Passing Through Kaweah Gap by Ariel Lee
10"x8" ($40) | 14"x11" ($85) | 20"x16" ($275) | 30"x24" ($1,450) | 40"x30" ($2,650) | 50"x40" ($5,300)


Southern California-based painter Ariel Lee predominantly focuses on the landscapes she loves–being an avid hiker, camper and climber, Lee’s relationship with the terrain she depicts is an intimate one. Passing Through Kaweah Gap, our third edition with the artist (check out Morning Sun Up To Forester Pass and Alpine Glow in the Valley), is exemplary of Lee’s keen eye for composition, motion, and grandeur. 

The piece, which depicts the lowest east–west pass through the Great Western Divide in California’s Sequoia National Park, places the viewer right in the mouth of nature. Have you ever been trekking in the great outdoors and experienced that moment where you stop moving to look at your surroundings and are utterly stunned? This painting is that moment.

Lee, who works in gouache using a bold palette and layered brushwork, nods to David Hockney and Fairfield Porter in both approach and a focus on color and form. The artist is a powerful colorist, and all of her work is dreamlike in its technicolor splendor. She deftly captures the essence of what it is to feel like you’re having a psychedelic experience just by immersing yourself in nature. 

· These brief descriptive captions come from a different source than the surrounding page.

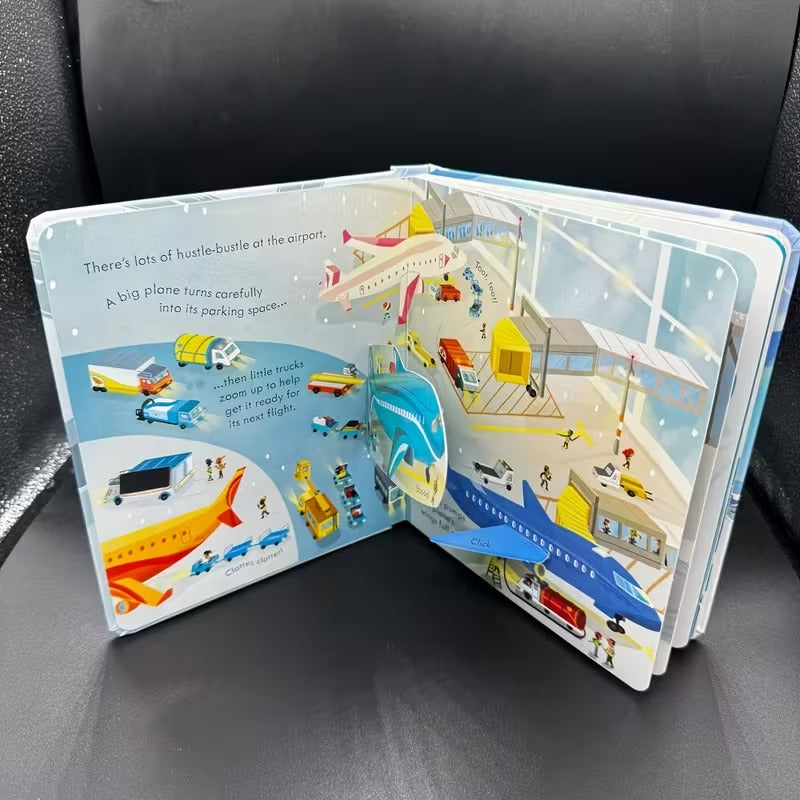Carte pentru Copii Interactiva Pop-Up Tematica Aviatie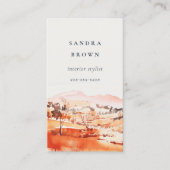 Sutle Blush Orange Watercolor Woods Mountain  Visitekaartje (Voorkant)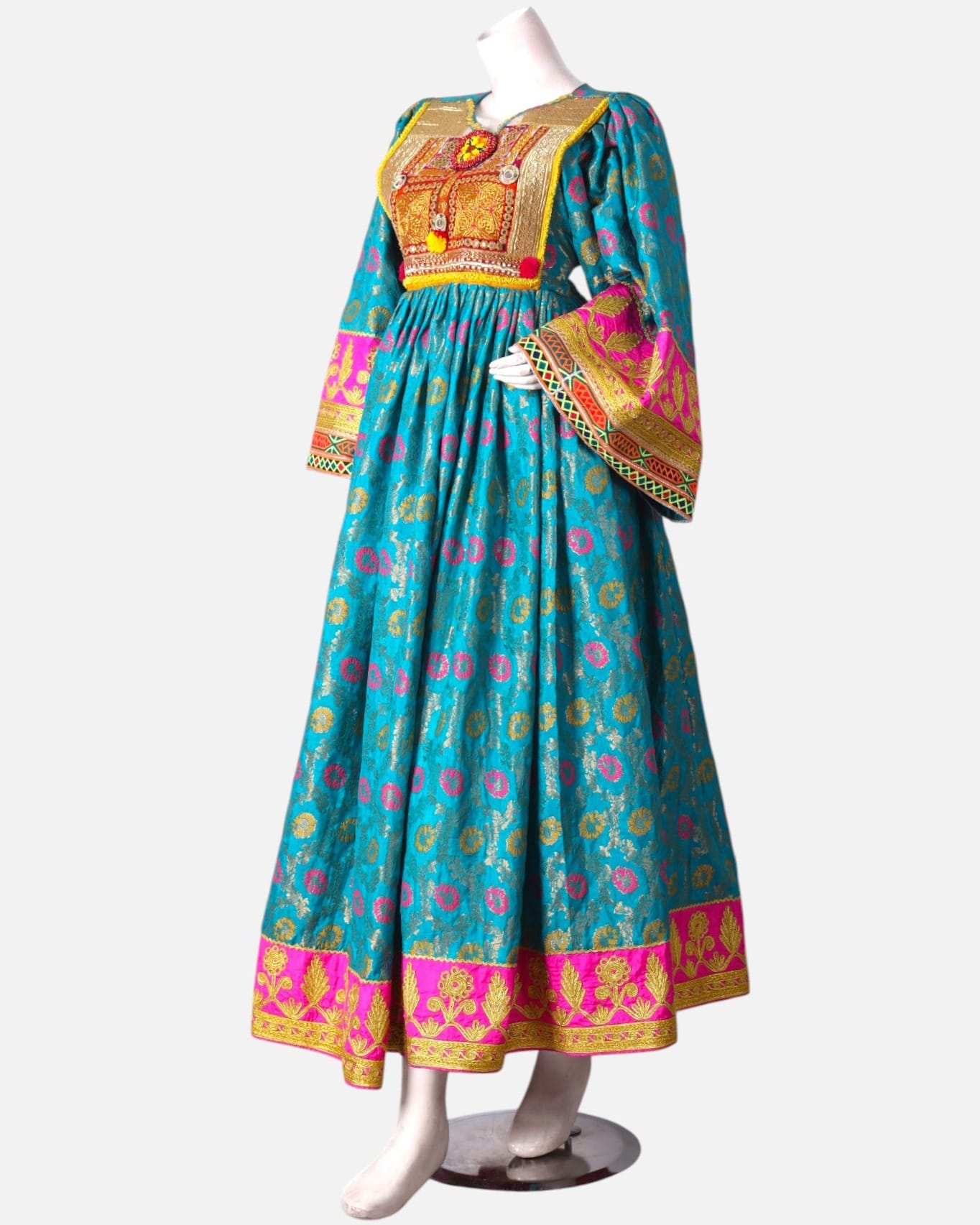 Floral Afghan Dress with Traditional Embroidery and Pink Chador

Passing Through Kaweah Gap is indeed immersive–the rhythm of the rocky peaks jutting out from the horizon line and the way she’s depicted the descent down to the viewer’s immediate foreground can’t help but place you right in the thick of the scene. Lee, who stood in this spot while a storm was about to break out, explains: “There was electricity in the air and snow falling in the middle of August. My goal with this piece was to focus on the kinetic energy felt in the air—to convey the dynamic change in the atmosphere.” That the artist chose to depict this multifaceted moment is not a surprise, as her work always pulses with the vivacity of nature.